[EXERCISE PROMPT]
Your answer must be the full listing below, repeated exactly, with no pictures in it.
━━━ INPUT DATA
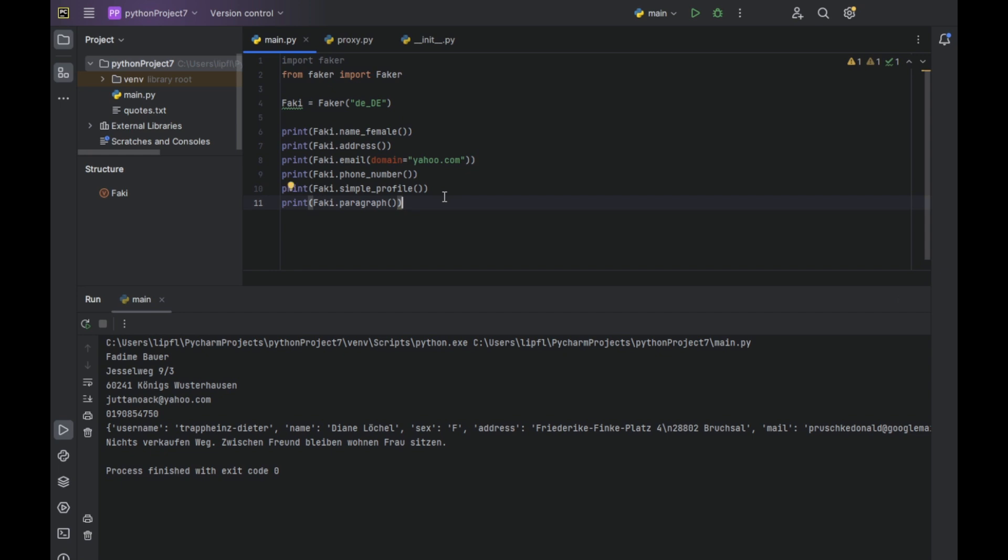But that's probably it. These are the important functions of our new package. I hope you liked it. Have fun with this package. Wish you a wonderful evening, wonderful night, dinner time, breakfast time, whatever time it is. See you and bye-bye.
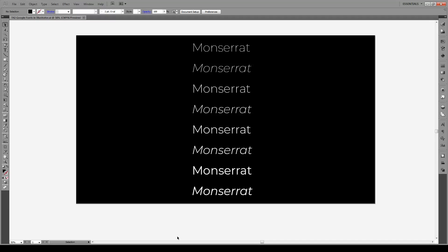Hello everyone and welcome to this tutorial. Today I'm going to show you how to import Google fonts into Illustrator. It's really simple.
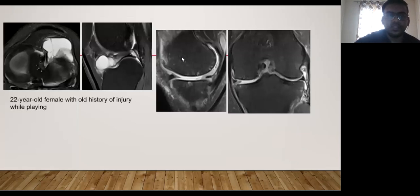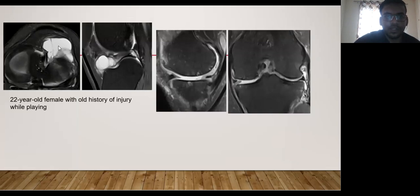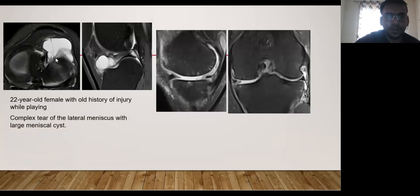Next, regarding complications — this is a case of a 22-year-old female with an old history of injury while playing. On axial and sagittal sequences, a large cystic lesion is evident, appearing hyperintense on PDFS sequences. It is present at the anterior horn and the anterior portion of the body of the lateral meniscus. This cystic lesion shows a few septae, making this a complex meniscal cyst.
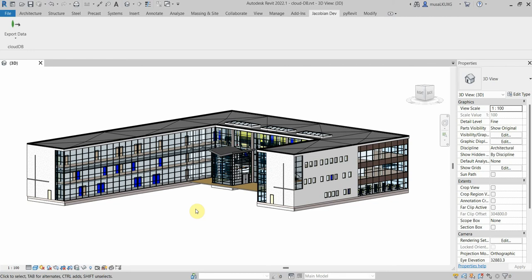Hi guys, welcome to the channel. I'm the Jacobian Dev and in this series I'll be going through how to connect Revit to the cloud using Autodesk Forge.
━━━━━━
[EXERCISE RESPONSE]
But that's probably it. These are the important functions of our new package. I hope you liked it. Have fun with this package. Wish you a wonderful evening, wonderful night, dinner time, breakfast time, whatever time it is. See you and bye-bye.
Hello everyone and welcome to this tutorial. Today I'm going to show you how to import Google fonts into Illustrator. It's really simple.
Next, regarding complications — this is a case of a 22-year-old female with an old history of injury while playing. On axial and sagittal sequences, a large cystic lesion is evident, appearing hyperintense on PDFS sequences. It is present at the anterior horn and the anterior portion of the body of the lateral meniscus. This cystic lesion shows a few septae, making this a complex meniscal cyst.
Hi guys, welcome to the channel. I'm the Jacobian Dev and in this series I'll be going through how to connect Revit to the cloud using Autodesk Forge.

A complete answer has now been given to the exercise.